Published in


A Brief Overview of Attention Mechanism

What is Attention?

Before Attention mechanism, translation relies on reading a complete sentence and compress all information into a fixed-length vector, as you can image, a sentence with hundreds of words represented by several words will surely lead to information loss, inadequate translation, etc.

However, attention partially fixes this problem. It allows machine translator to look over all the information the original sentence holds, then generate the proper word according to current word it works on and the context. It can even allow translator to zoom in or out (focus on local or global features).

Attention is not mysterious or complex.

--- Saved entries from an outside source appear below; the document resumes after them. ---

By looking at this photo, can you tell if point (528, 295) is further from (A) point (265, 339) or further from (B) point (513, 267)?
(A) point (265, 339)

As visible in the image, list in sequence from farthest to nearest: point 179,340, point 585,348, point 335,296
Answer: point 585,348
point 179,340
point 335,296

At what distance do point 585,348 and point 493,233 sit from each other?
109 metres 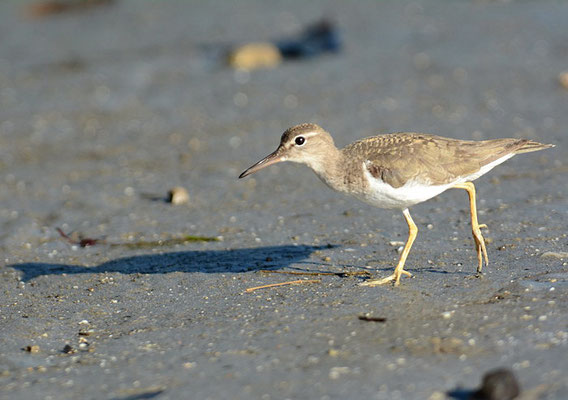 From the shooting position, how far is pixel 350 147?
24.5 feet

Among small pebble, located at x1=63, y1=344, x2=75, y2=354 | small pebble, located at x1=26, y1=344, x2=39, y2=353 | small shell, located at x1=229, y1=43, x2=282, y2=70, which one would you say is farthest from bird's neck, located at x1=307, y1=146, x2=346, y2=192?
small shell, located at x1=229, y1=43, x2=282, y2=70

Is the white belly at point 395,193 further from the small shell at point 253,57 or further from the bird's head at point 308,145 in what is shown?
the small shell at point 253,57

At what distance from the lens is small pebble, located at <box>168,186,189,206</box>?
9.84 metres

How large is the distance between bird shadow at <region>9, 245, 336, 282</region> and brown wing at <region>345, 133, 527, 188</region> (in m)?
1.27

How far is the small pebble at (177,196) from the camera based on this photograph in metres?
9.84

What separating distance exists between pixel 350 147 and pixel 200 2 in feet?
40.5

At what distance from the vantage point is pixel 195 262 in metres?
8.13

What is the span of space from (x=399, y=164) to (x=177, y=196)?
11.9 ft

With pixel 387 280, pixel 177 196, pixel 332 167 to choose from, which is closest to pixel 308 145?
pixel 332 167

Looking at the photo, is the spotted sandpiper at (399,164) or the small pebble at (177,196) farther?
the small pebble at (177,196)

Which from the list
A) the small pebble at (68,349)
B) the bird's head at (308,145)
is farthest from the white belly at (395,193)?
the small pebble at (68,349)

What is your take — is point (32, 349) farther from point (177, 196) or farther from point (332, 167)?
point (177, 196)

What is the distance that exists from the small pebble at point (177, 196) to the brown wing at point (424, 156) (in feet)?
9.98

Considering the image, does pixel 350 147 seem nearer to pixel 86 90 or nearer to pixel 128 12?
pixel 86 90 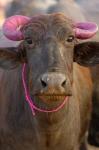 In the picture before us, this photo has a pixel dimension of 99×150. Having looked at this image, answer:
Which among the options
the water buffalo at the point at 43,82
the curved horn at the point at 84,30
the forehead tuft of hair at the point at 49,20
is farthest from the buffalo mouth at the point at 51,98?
the curved horn at the point at 84,30

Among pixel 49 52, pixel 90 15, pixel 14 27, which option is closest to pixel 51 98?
pixel 49 52

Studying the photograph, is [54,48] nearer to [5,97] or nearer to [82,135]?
[5,97]

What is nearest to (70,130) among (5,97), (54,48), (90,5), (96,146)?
(5,97)

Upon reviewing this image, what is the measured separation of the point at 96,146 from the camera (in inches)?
317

It is just an interface formulated by parameters and delicate math. You could plug it anywhere you find it suitable, and potentially, the result may be enhanced.

Why Attention?

Vanilla RNN (the classic one) often gets trapped when modeling:

  1. Structure Dilemma: in real world, the length of outputs and inputs can be totally different, while Vanilla RNN can only handle fixed-length problem which is difficult for the alignment. Consider an EN-FR translation examples: “he doesn’t like apples” → “Il n’aime pas les pommes”.
  2. Mathematical Nature: it suffers from Gradient Vanishing/Exploding which means it is hard to train when sentences are long enough (maybe at most 4 words).

Translation often requires arbitrary input length and out put length, to deal with the deficits above, encoder-decoder model is adopted and basic RNN cell is changed to GRU or LSTM cell, hyperbolic tangent activation is replaced by ReLU. We use GRU cell here.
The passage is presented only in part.